1. Stop my violence/do no harm

2. Develop emotional intelligence

3. Cultivate mindfulness

4. Understand victim impact

 
 

Most rehabilitation programs singularly zero in on either academic, vocational purposes or addiction recovery. These are important efforts, yet they could be optimized if the root causes of what leads someone to offend were addressed directly. Our methodology consists of a transformational re-education modality that commits the participants to a process of deep self-inquiry and healing. The program examines the origins of criminogenic conduct and undoes the characteristic destructive behavioral patterns (including addiction) that lead to transgressions.

 
 

The program is a trauma-treatment-based model that integrates the latest brain research. One of the goals of the program is to heal the unprocessed pain from which people lash out. Participants partake in a process of creating an inventory of ‘unfinished business’ related to traumatic experiences that have become formative defense mechanisms and that generate triggered reactions. They also make a personal history of ‘violence suffered’ and ‘violence perpetrated’ to gain insight into origins and patterns of behavior. Each student signs a pledge to become a nonviolent person and a peacemaker; they graduate from being an offender to being someone dedicated to living a life of service.

 
 

A major component of the program is that it functions as a peer education model where experienced students co-facilitate the classes and mentor newer students. All participants become fully engaged as integral stakeholders of the program. The program employs a methodology called ‘normative culture’ wherein the students cultivate intrinsic motivation by being actively involved in both setting and enforcing the standards and norms that are integral to the course. This central value of the program ensures maximum ownership (‘the buy-in factor’) of the participants for their own learning process. 

 

With its status as a service provider through Marin Probation Department, the program is certified to meet the needs of parolees who must take a 52-week, court-ordered domestic violence program before their release into the community. The program also is able to certify incarcerated people as facilitators of domestic violence prevention as a job skill. 

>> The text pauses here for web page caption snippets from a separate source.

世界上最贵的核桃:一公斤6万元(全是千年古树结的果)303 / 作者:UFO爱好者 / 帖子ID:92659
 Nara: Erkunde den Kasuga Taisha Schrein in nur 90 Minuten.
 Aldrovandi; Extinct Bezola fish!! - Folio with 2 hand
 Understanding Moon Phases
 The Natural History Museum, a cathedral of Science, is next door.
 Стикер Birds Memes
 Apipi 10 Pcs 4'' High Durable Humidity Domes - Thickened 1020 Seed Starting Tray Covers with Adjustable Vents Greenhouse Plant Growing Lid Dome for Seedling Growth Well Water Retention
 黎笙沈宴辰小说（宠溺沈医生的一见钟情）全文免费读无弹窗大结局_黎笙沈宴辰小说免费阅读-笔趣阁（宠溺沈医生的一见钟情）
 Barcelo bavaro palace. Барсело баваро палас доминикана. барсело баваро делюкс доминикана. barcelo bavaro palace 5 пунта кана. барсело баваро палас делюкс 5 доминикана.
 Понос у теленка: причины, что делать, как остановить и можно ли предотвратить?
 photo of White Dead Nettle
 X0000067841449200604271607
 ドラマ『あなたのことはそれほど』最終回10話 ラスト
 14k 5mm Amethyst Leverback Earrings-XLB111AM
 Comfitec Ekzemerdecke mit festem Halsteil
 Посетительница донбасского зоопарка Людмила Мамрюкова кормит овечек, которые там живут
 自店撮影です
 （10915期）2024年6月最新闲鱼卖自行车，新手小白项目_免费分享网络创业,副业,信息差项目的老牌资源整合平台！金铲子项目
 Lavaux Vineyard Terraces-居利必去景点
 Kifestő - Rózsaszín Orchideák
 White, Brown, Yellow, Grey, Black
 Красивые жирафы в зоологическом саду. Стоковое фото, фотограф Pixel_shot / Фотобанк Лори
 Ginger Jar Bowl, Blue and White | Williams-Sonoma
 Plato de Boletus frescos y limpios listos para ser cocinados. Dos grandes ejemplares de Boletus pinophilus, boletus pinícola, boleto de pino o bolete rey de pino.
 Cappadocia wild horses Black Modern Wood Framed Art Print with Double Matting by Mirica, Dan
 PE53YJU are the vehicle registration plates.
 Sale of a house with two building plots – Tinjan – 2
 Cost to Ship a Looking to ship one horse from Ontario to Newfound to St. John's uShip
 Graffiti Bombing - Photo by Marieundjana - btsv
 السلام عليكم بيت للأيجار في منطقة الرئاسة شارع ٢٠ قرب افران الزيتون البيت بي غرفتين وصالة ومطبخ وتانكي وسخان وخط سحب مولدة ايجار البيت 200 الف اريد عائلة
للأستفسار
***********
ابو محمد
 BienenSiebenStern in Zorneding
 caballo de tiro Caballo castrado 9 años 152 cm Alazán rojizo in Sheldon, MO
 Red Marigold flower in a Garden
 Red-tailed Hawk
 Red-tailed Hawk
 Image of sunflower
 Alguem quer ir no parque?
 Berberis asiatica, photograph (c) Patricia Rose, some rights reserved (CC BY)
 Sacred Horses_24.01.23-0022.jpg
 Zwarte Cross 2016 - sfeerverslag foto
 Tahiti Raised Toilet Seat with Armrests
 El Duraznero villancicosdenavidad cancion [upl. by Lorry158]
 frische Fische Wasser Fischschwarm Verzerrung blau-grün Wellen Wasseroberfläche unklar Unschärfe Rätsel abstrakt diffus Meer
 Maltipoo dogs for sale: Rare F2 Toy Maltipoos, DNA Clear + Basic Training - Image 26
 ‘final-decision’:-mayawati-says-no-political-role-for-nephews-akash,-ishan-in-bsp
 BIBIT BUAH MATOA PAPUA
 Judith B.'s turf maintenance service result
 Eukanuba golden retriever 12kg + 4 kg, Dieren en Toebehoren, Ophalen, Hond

The program integrates three didactical modalities: Instruction functions as a means to teach the information that is crucial to the program’s theoretical framework. Process refers to the various exercises employed to work with a deep layer of emotional material that must be acknowledged, expressed, and integrated in order for insight and understanding to occur. Practice anchors the acquired insights into durable behavior through learning how to embody what has been learned. Practicing the GRIP tools makes gained insight operational as a behavioral skill set.

GRIP: PEACE PLEDGE

At the beginning of the program, students sign a GRIP Peacemaker Pledge. They have a year to practice it, and then at graduation they sign the pledge for life.

GRIP Program:
An Excerpt of the Work in Action

Excerpt from “Leaving Prison Before You Get Out”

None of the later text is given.